Podcasts, online courses multiply comprehension opportunities
During his first period AP calculus class, math teacher Michael Fenton uses a Smartboard to teach the concept. Fenton's writing and voice are recorded by the computer, and can be viewed in an iTunes podcast.
This is the second installment of a two-part article about technological advances in the math department. For the first installment, read Fenton leads math trail-blazing.
In order to facilitate students' comprehension of math concepts, math department head Michael Fenton aims to implement technological programs that help students understand.
According to Fenton, his recent online sources have helped students who have a desire to learn.
"The students who want to work hard are now given the opportunity to study as much as they need to," Fenton said. "Only a small percent of students learn well without the help of an instructor. Most of us learn by doing examples and practicing. The videos are much like a personalized review session in that they allow kids to watch a lesson over and over until they get it. It's almost as if they are in class."
According to Fenton, the other main issue that prevents kids from learning material is absences. Once a student misses class, he or she has a harder time understanding the lessons. Therefore Fenton came about with the idea to record class sessions.
"I knew that my computer could record the online math sessions with sound as well as video. I had also heard that the Smartboard could do the same thing but I wasn't sure how it operated," Fenton said. "So I worked with Mr. [David] Martens [IT Director] for a while to see how we could make it work. It took a long time to figure out, but now that we know how to use it, it's quite simple."
The Smartboard resides in the far corner of the room, which is difficult for students in the back row to see. However, a projector was installed that takes the picture from the Smartboard and projects it onto the white board for all students to see.
?The students who want to work hard are now given the opportunity to study as much as they need to." --Michael Fenton, math department head
"We needed the projector because it's not fair to neglect the students who did show up to class from learning," Fenton said. "Once we got that installed, the videos were downloaded straight to my computer and put onto an iTunes podcast for students to download. In order to save the videos we did have to purchase a hard drive which will have to be supplemented every 5-10 years."
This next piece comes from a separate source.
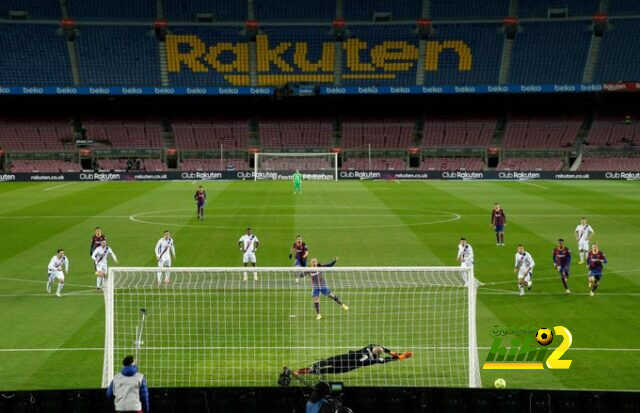 دورو: برشلونة لم يستحق ركلة جزاء أمام إيبار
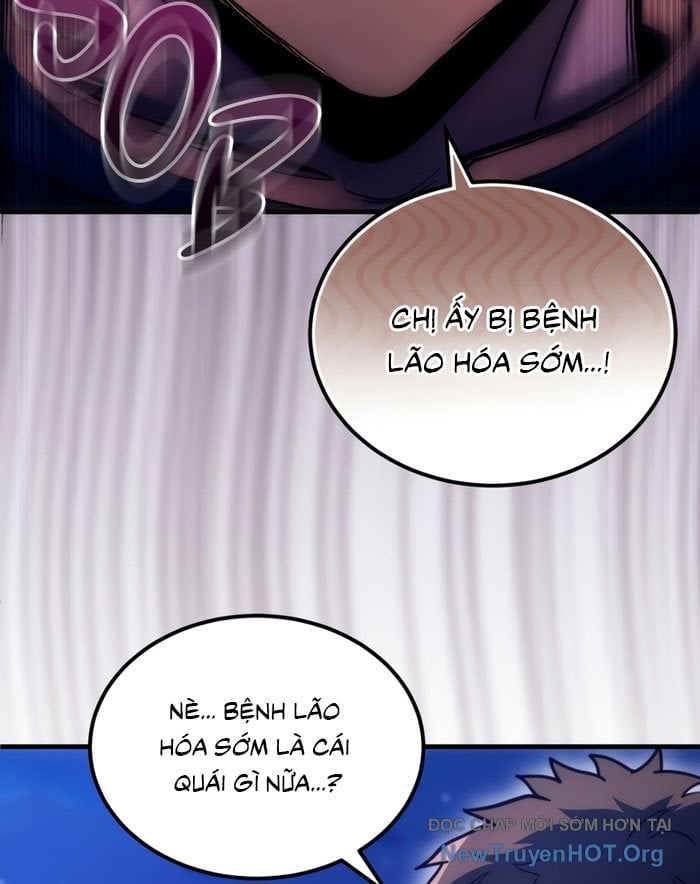 Công Lược Ký Sự Của Siêu Việt Cấp Phản Diện: Chapter 31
According to Fenton, the department plans to duplicate this set up in every math room next year. Then all students will have access to videos for their specific class. Those videos will be stored on a hard drive and used as online courses for the following years.
"Some public schools are not offering summer school anymore due to budget cuts. This online class would provide students in the valley, and throughout the country, with a solid math course while profiting the school financially," Fenton said. "It will also help to make people more aware of our school and the programs we have to offer."
Eventually, every math level will be offered online for students who have failed previous classes, as well as home-schooled students whose parents lack the resources to teach high level math.